* PROBLEM TO SOLVE
An exact copy of the lines of the listing below between the "グループホーム「結」ケアセンターたまがわのアルバイト・バイト求人情報-02" line and the "Коляска 2 в" line, both included, is the whole answer; please omit the pictures.

* RAW DATA
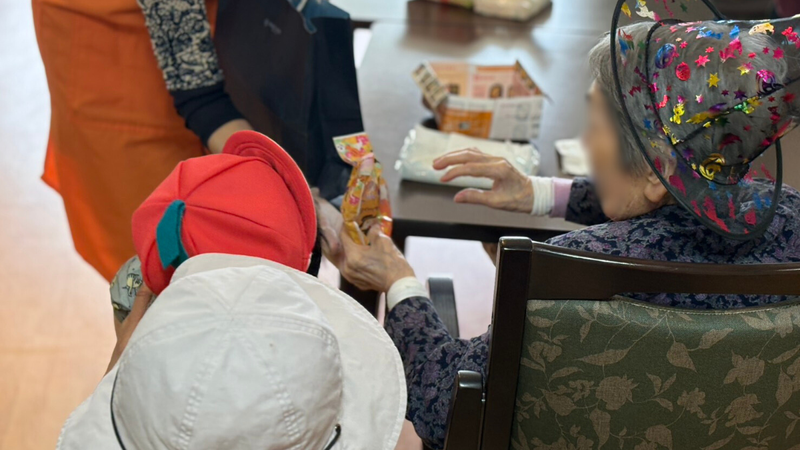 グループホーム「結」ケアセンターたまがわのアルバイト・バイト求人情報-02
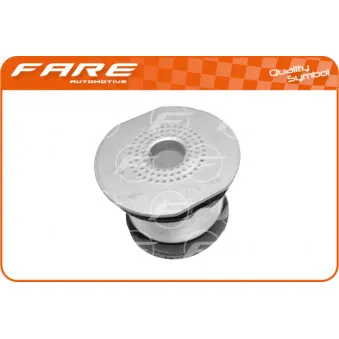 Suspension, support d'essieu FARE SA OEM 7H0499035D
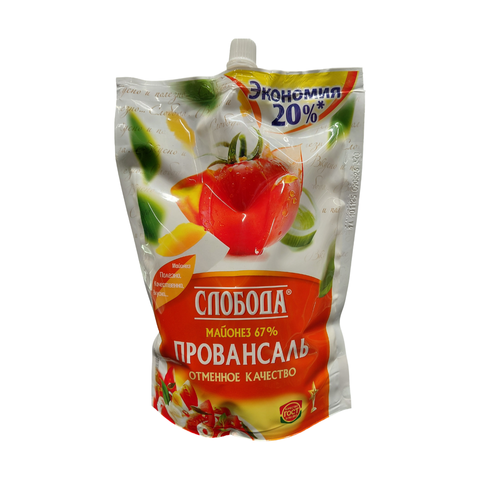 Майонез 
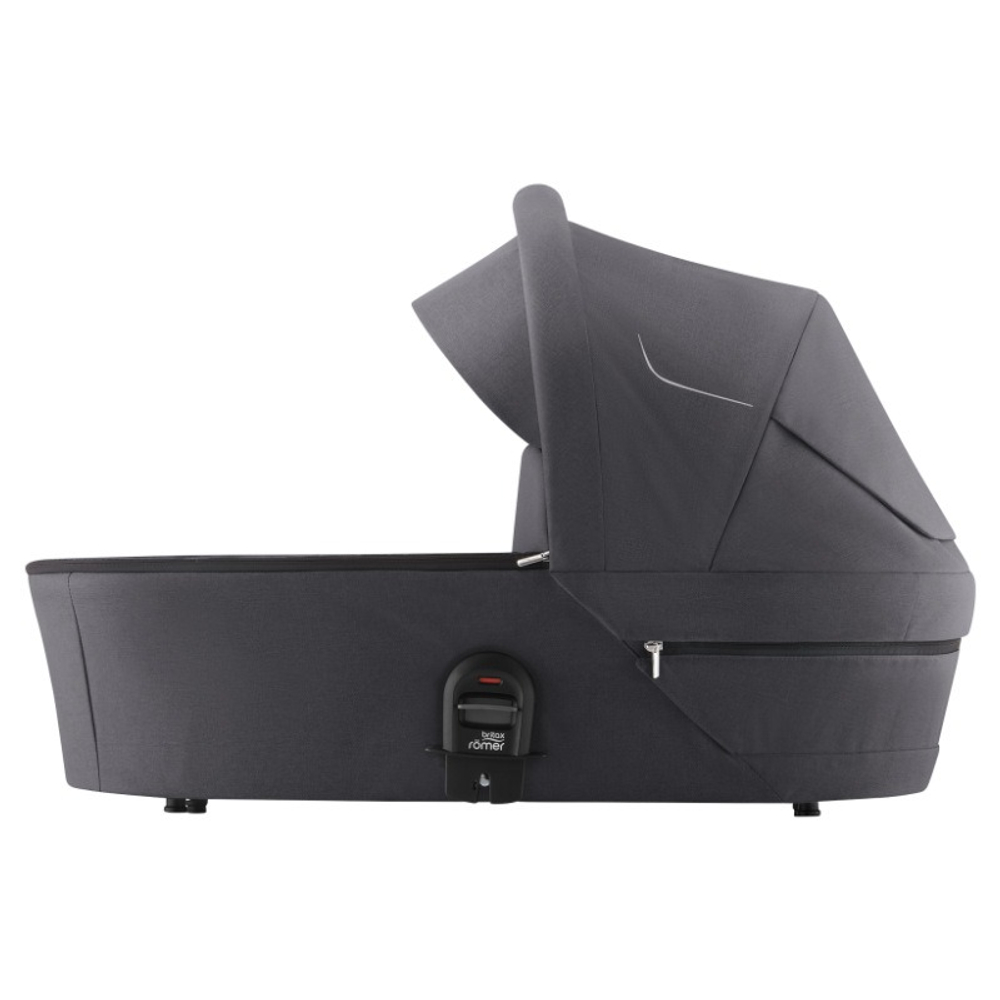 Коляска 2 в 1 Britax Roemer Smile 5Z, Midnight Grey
---
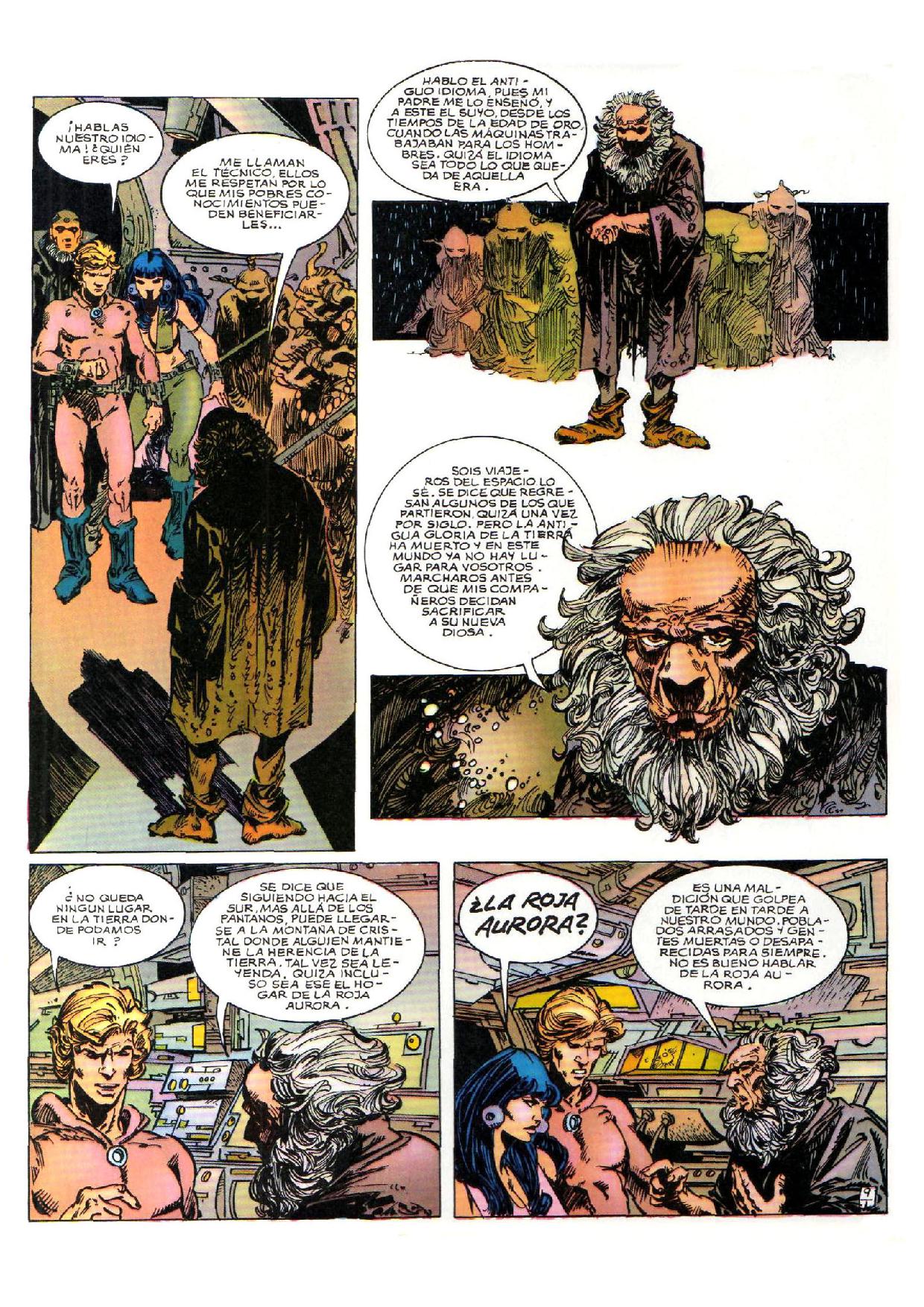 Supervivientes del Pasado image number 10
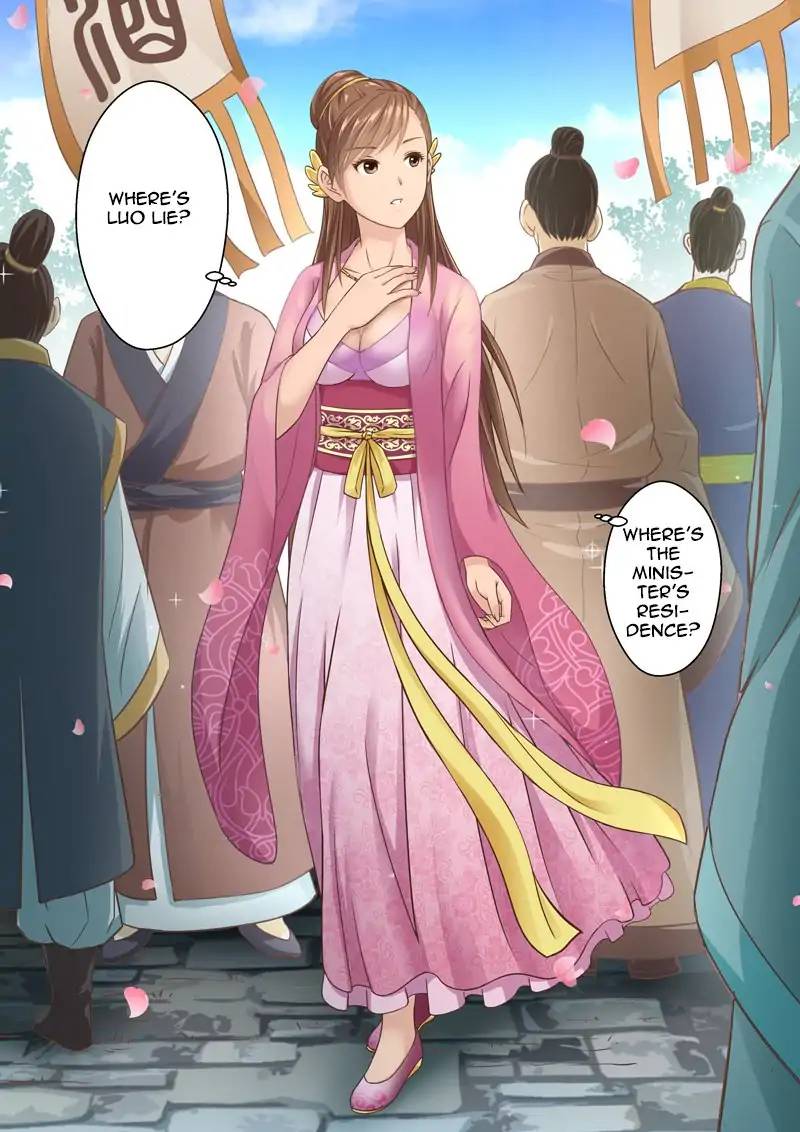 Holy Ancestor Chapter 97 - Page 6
...
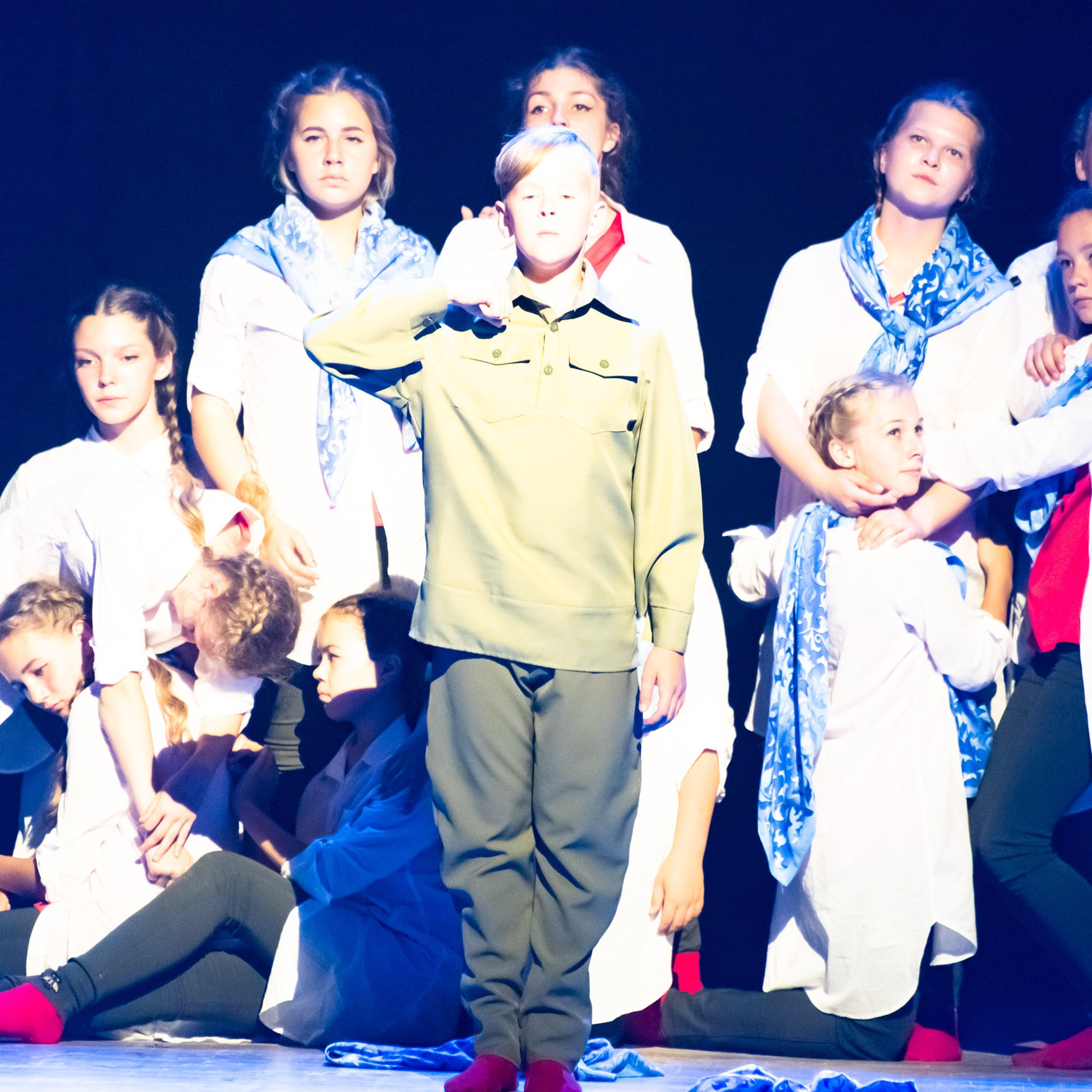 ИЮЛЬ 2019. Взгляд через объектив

* RESULT BELOW
 グループホーム「結」ケアセンターたまがわのアルバイト・バイト求人情報-02
 Suspension, support d'essieu FARE SA OEM 7H0499035D
 Майонез 
 Коляска 2 в 1 Britax Roemer Smile 5Z, Midnight Grey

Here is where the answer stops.